A coalition of trade unions led by IndustriALL and Uni and 70 market leading clothing brands and retailiers announced steps to implement the Accord on Fire and Building Safety in Bangladesh. According to the announcement from IndustriaALL, the coalition will begin taking steps to address safety issues in clothing factories in Bangladesh. The announcement identified key highlights of the implementation plan  which includes conducting initial inspections to identify hazards and the need for repairs within nine months. More details on the plan can be found at the IndustriALL website.


Over the past several months, there has been extensive news coverage of a number of tragic fires in garment factories in Bnagladesh and Pakistan. In April, the media also covered the collapse of the Rana Plaza Factory,an eight-story commercial building located outside Dhaka, killing 1,127and injuring another 2,500 people.


 

In a recent column in NFPA Journal, NFPA President Jim Shannon called these incidents appalling saying,"It is appalling in the 21st century that workers anywhere in the world would be subjected to conditions like these." He likened these horrific events to the Triangle Waist Co. fire in 1911 in New York that took the lives of 146 people, mostly garment workers.
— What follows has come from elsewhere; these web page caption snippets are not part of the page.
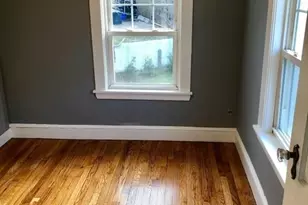17 Blanchard Rd, Weymouth, MA 02190 - Photo 8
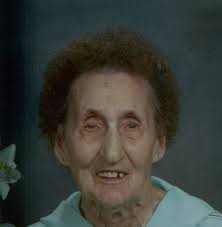 Bessie M. Wilhite Obituary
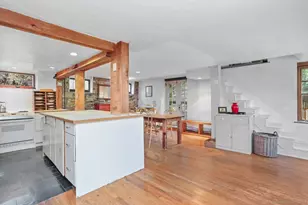 68 Center St, Westport, CT 06880 - Photo 11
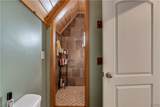 9910 Maple Avenue - Photo 23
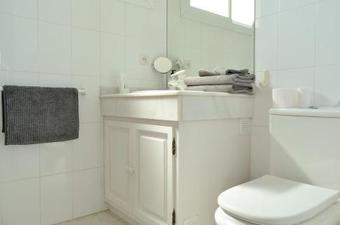 Apartamentos Edificio Diana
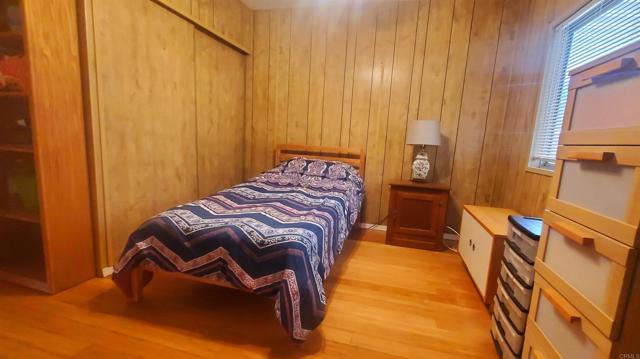 Detail Gallery Image 31 of 43 For 26056 Butterfly Palm Dr, Homeland,  CA 92548 - 2 Beds | 2 Baths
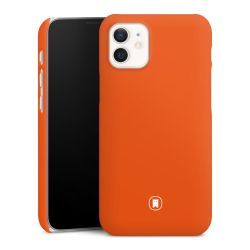 Premium Skyddskal matt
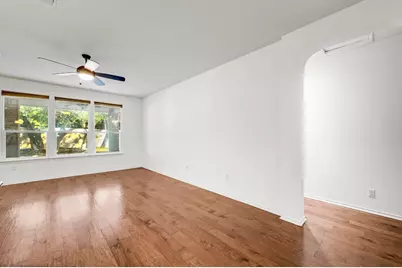 322 White Willow Drive, San Marcos, TX 78666 - Photo 7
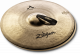 Zildjian A0769 Classic Orchestral - 20 medium heavy - Image n°2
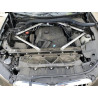 2022 BMW X5 5UXCR6C09N9K80780 59870825
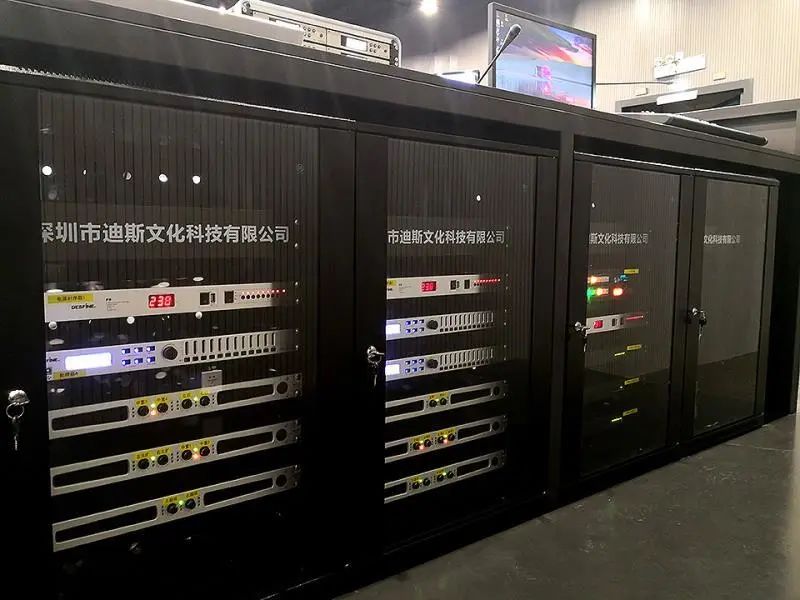 斯凯奇新款宣传片,skechers斯凯奇发布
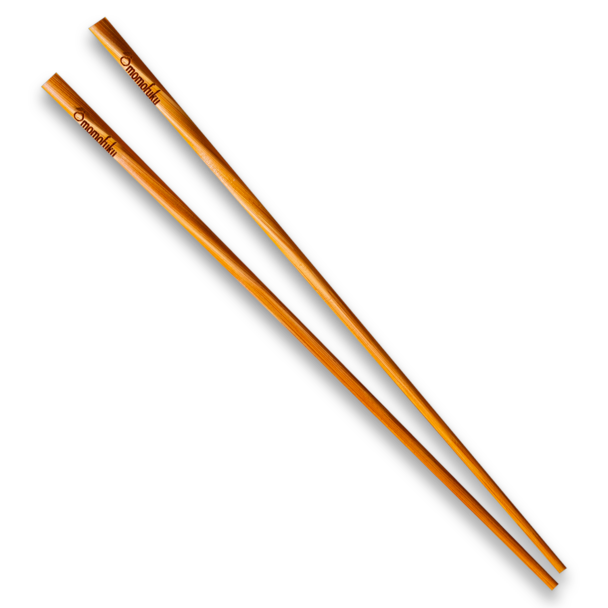 Momofuku Chopsticks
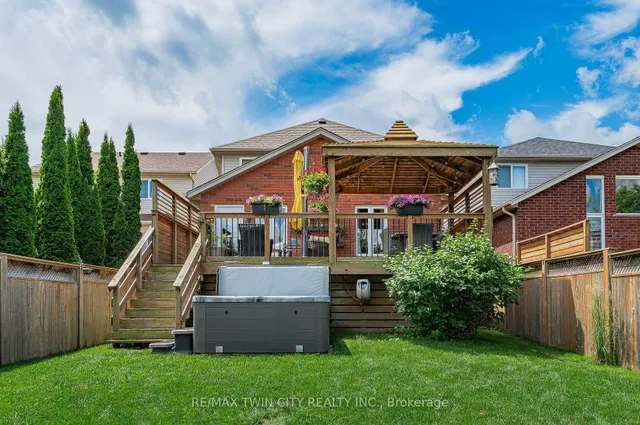 Additional image 46 of 68 Steepleridge St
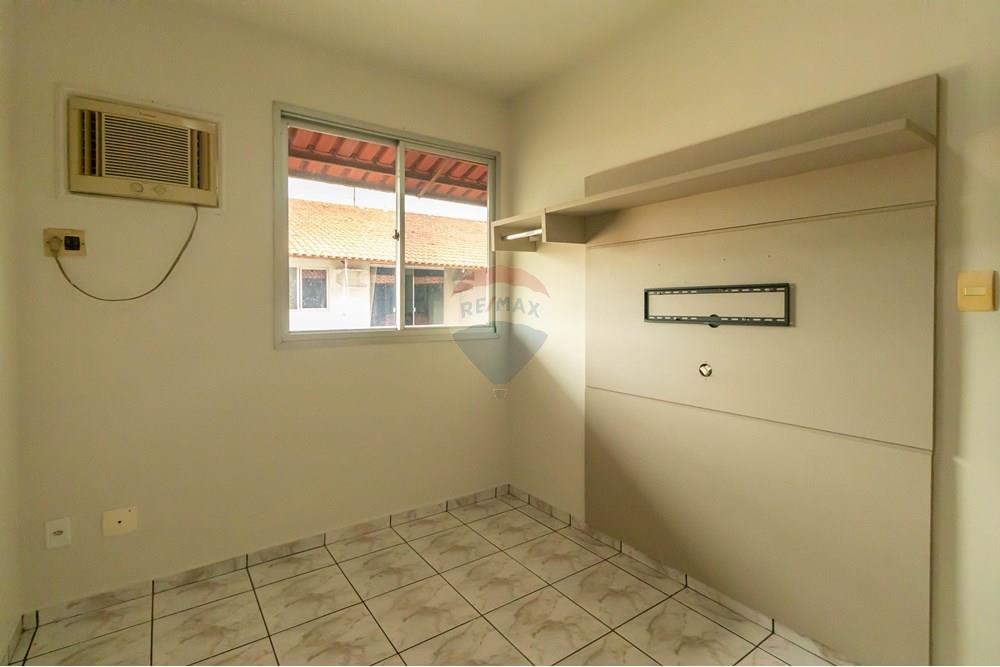 Apartamento - Venda - Manaus , Amazonas - IMG_9888.jpg - 720791099-3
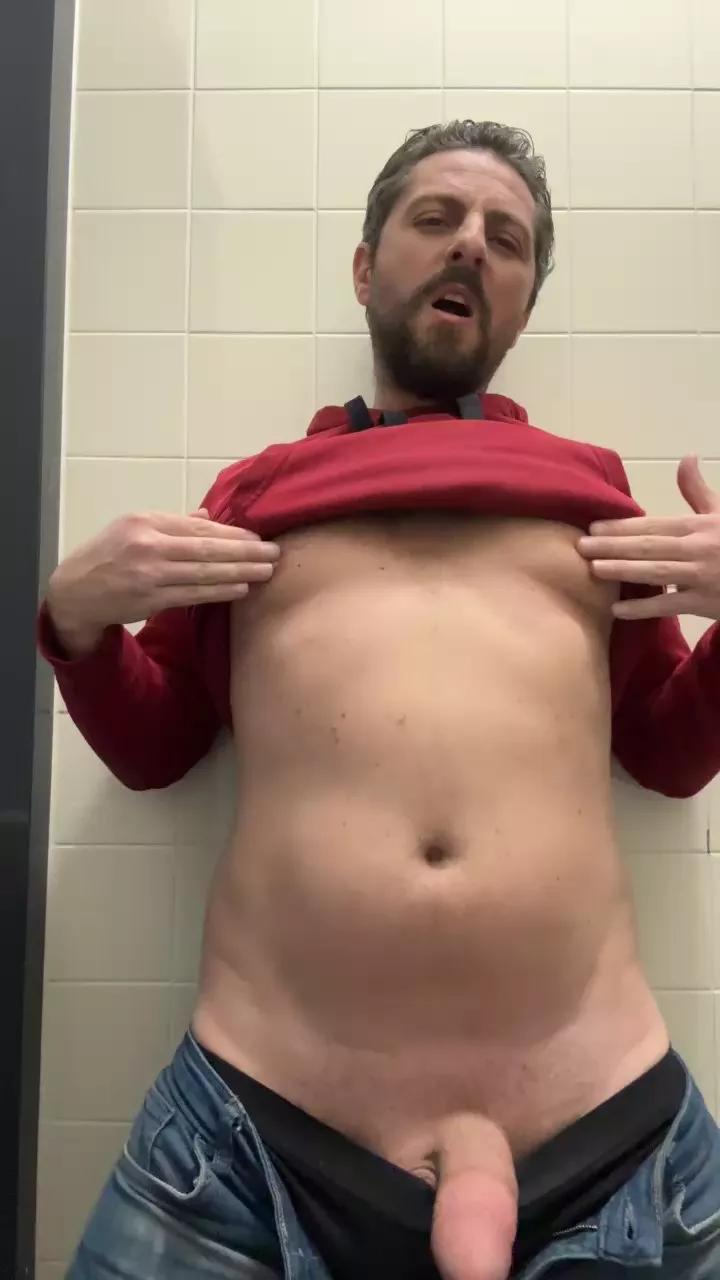 Cunticraig on Cam4 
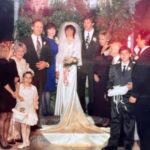 Justin Baldoni Instagram – After a nearly decade long battle with early onset Alzheimer’s, and due to some complications resulting from medical negligence … my dear cousin (uncle) Chip has transitioned to the next world at 62.

I’ve known Chip my whole life, I was the ring bearer in his and my cousin Tammy’s wedding. When my Nana Grace got dementia towards the end of her life he and Tammy took her in and became her caregivers for over 10 years. Imagine being so open and kind hearted that you become the caregiver to your spouses mother. That was Chip. He was a gentle, kind, and brilliant man. He was a software engineer and guitar player. His happy place was in the mountains skiing slaloms. He never lost his smile and gentle spirit and yet it was so heartbreaking to see what this disease did to his beautiful mind. 

Alzheimer’s is such a terrible disease and my heart goes out to all of those suffering from its grip everyday. 

If you have a minute, send a prayer up for his beautiful soul for my cousin Tammy, as she sets out on this next stage of her life without her partner of nearly forty years. 

Life is so damn fragile. I know it’s cliché, but spend the time with the people you love doing the things you love. Life’s too short.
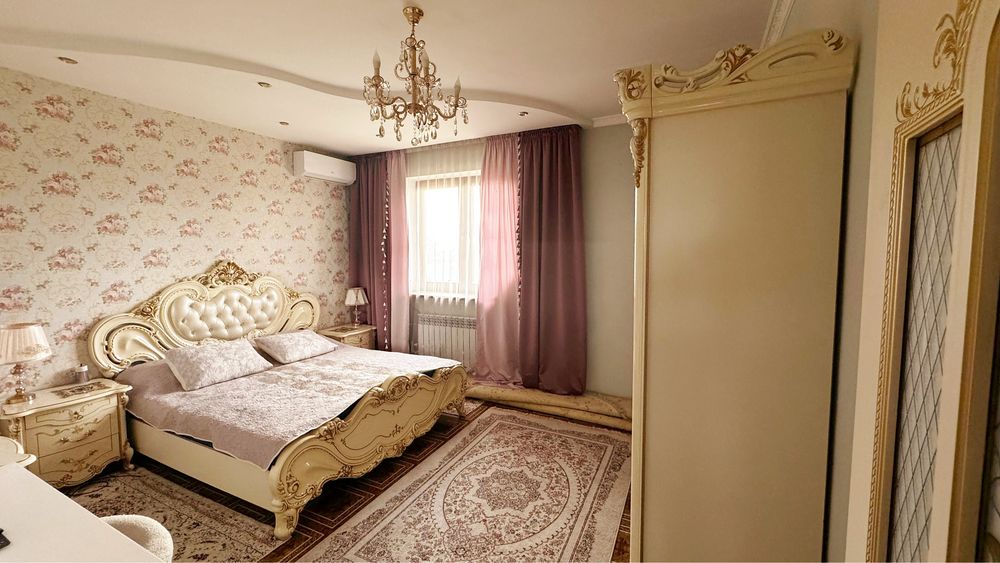 Сдам дом в аренду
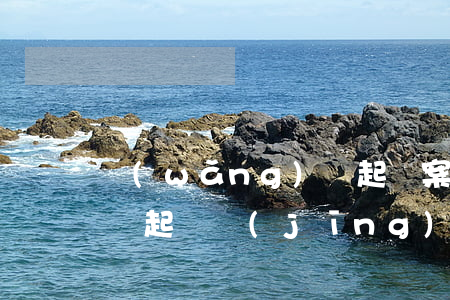 網(wǎng)貸起訴案件（網(wǎng)貸起訴經(jīng)歷）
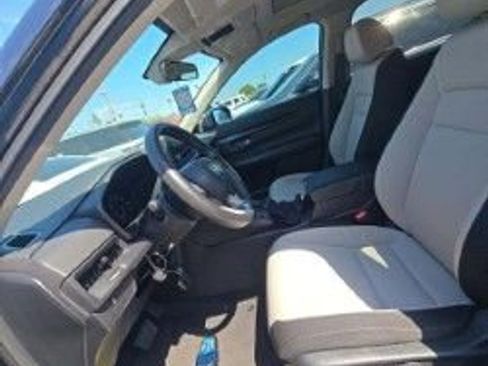 Used 2023 Honda CR-V EX image 6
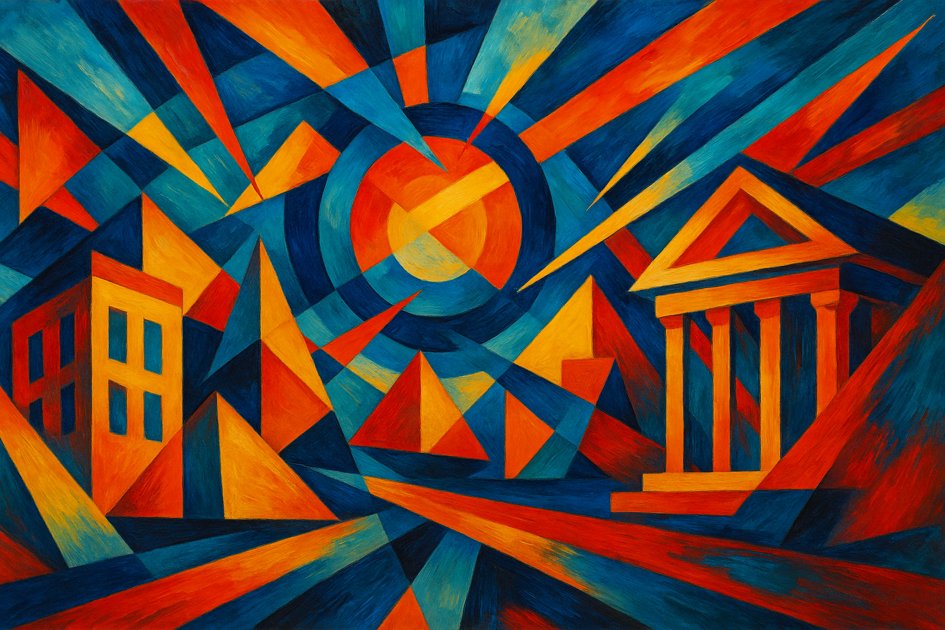 Il trust e il suo utilizzo nell’arte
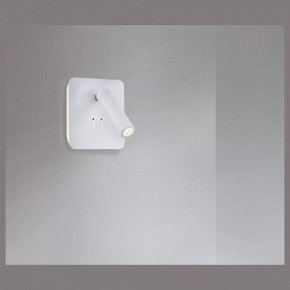 Бра Maytoni Ios 176 C175-WL-01-6W-W в Краснокамске - krasnokamsk.mebel24.online | фото 3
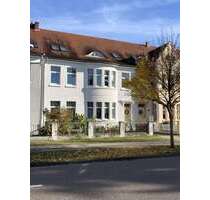 Wohnung zum Mieten in WIttenberge 690,00 € 98 m²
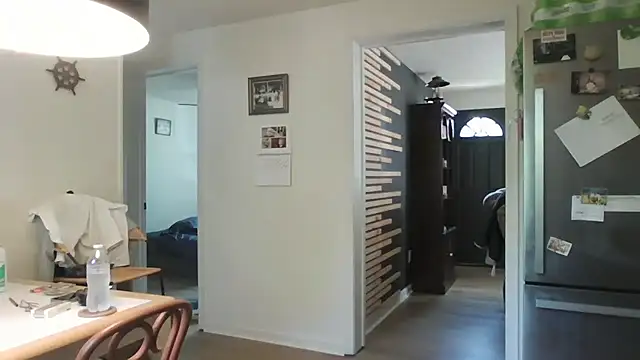 Snapshot of keiferkriss chatting on September 15, 6:09 pm keiferkriss online show from September 15, 6:09 pm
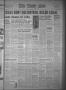 Newspaper: The Daily Sun (Baytown, Tex.), Vol. 31, No. 28, Ed. 1 Friday, July 8,…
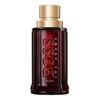 Hugo Boss The Scent Elixir Intense parfum 1.2ml vial sample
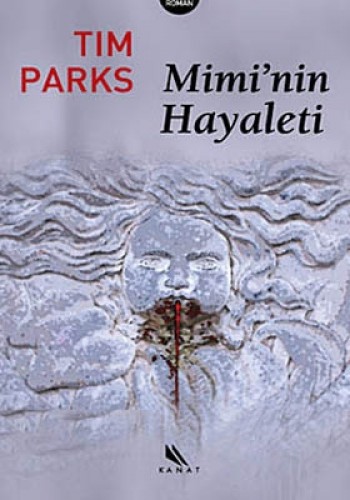 Miminin Hayaleti %17 indirimli Tim Parks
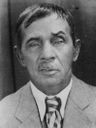 Record image of JOÃO Silveira Gonçalves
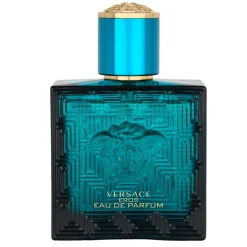 Eros Pour Homme Eau de Parfum|Versace Sale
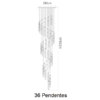 rotativo-36-pendentes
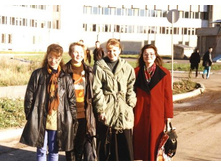 ������� � 6-�� ������� ���.94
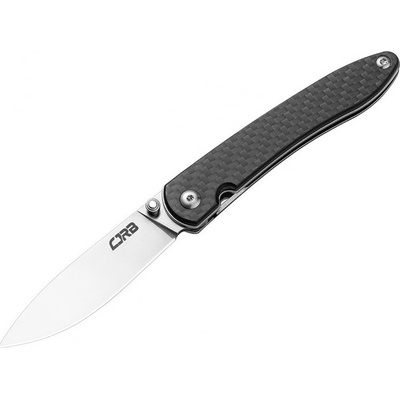 CJRB Ria J1917 Carbon Fiber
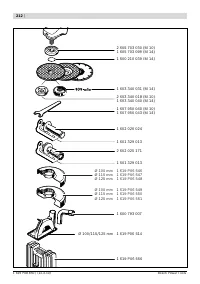 Страница 211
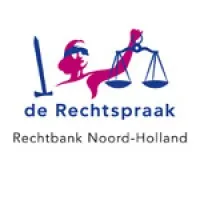 Rechtbank Noord-Holland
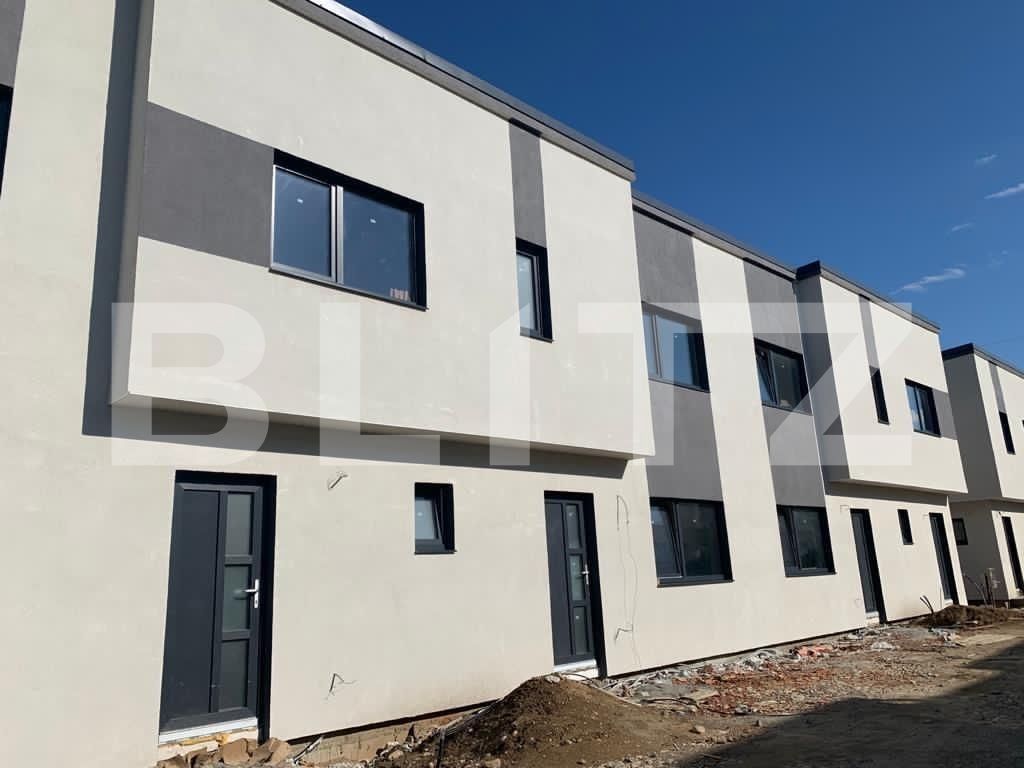 Apartament de vânzare 3 camere Floreşti - 50182AV | BLITZ Cluj-Napoca | Poza2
Following this fire, NFPA led the way in upgrading working conditions in the United States by developing the Building Exits Code, which has evolved into[ NFPA 101®, Life Safety Code® | http://www.nfpa.org/freeaccess].   Shannon states in his piece, "As an organization that is regarded as a worldwide authority on safety, we must contribute to the effort to raise standards of safety for workers everywhere...Adoption of NFPA 1® Fire Code ® and the Life Safety Code by the governments of Pakistan and Bangladesh is a way for those countries to begin to raise safety standards."